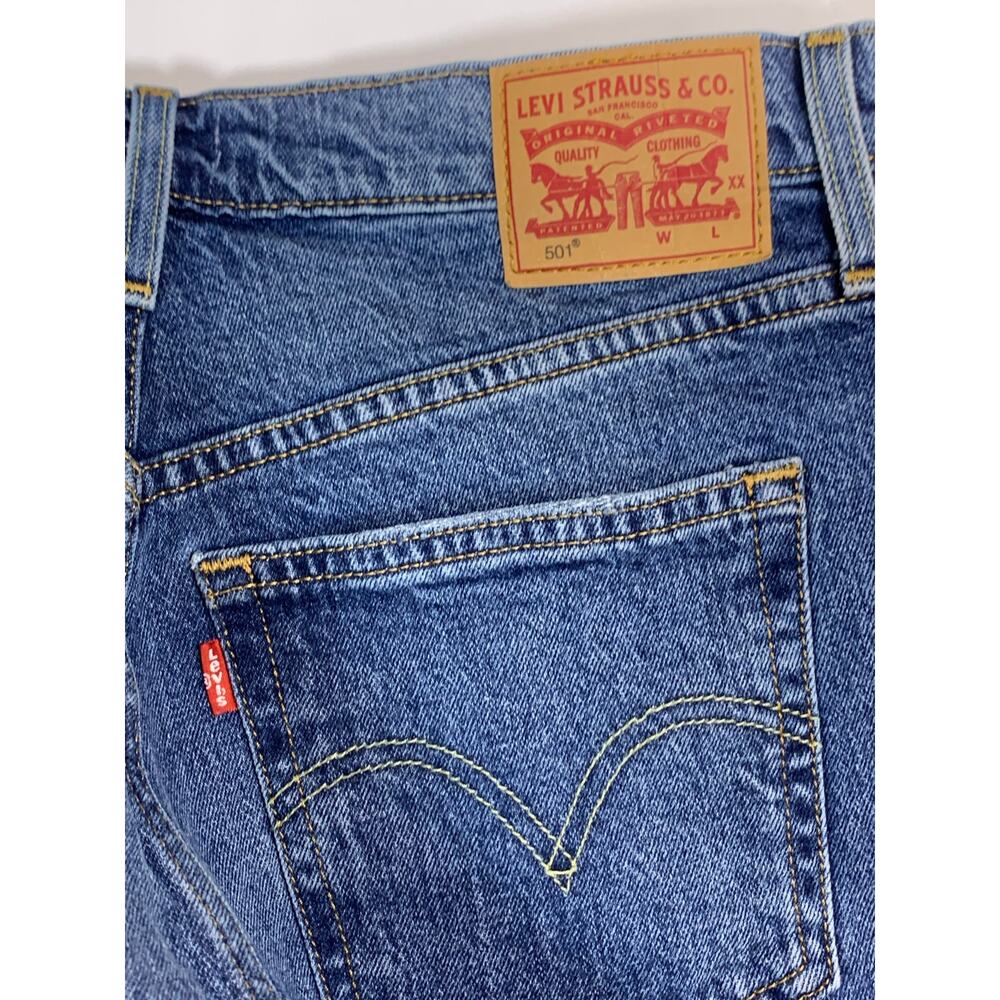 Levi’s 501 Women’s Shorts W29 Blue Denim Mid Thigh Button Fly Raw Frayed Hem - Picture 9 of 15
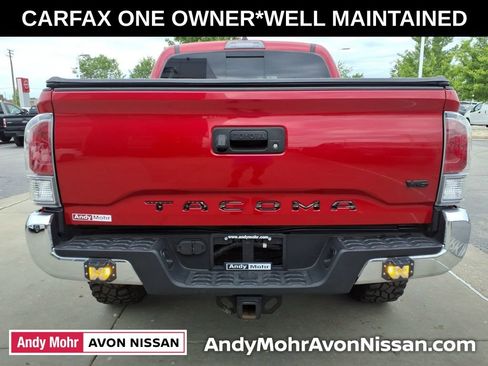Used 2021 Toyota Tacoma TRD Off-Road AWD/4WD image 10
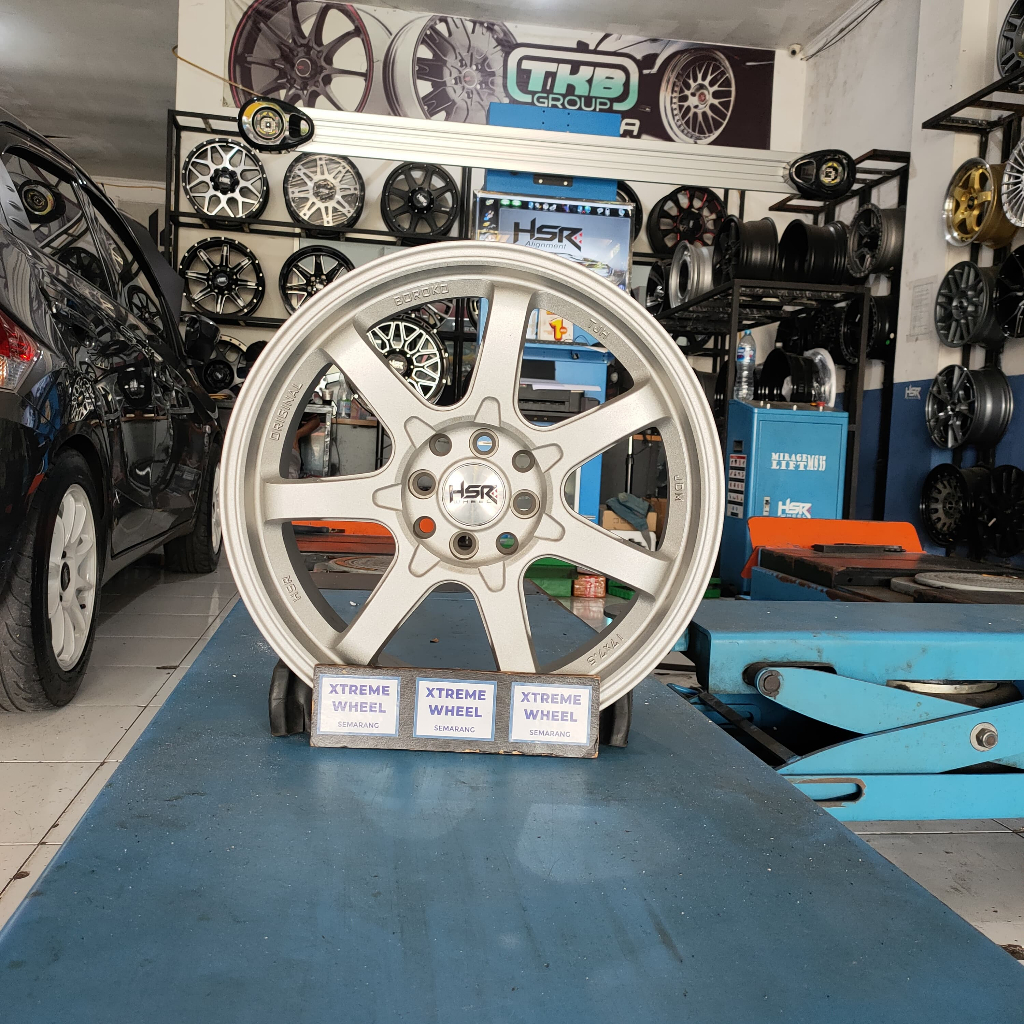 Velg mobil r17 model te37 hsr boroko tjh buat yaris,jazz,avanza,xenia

*Assignment*
Pictures stay out; the data above is to be returned exactly.

*Completed exercise*
 Levi’s 501 Women’s Shorts W29 Blue Denim Mid Thigh Button Fly Raw Frayed Hem - Picture 9 of 15
Used 2021 Toyota Tacoma TRD Off-Road AWD/4WD image 10
 Velg mobil r17 model te37 hsr boroko tjh buat yaris,jazz,avanza,xenia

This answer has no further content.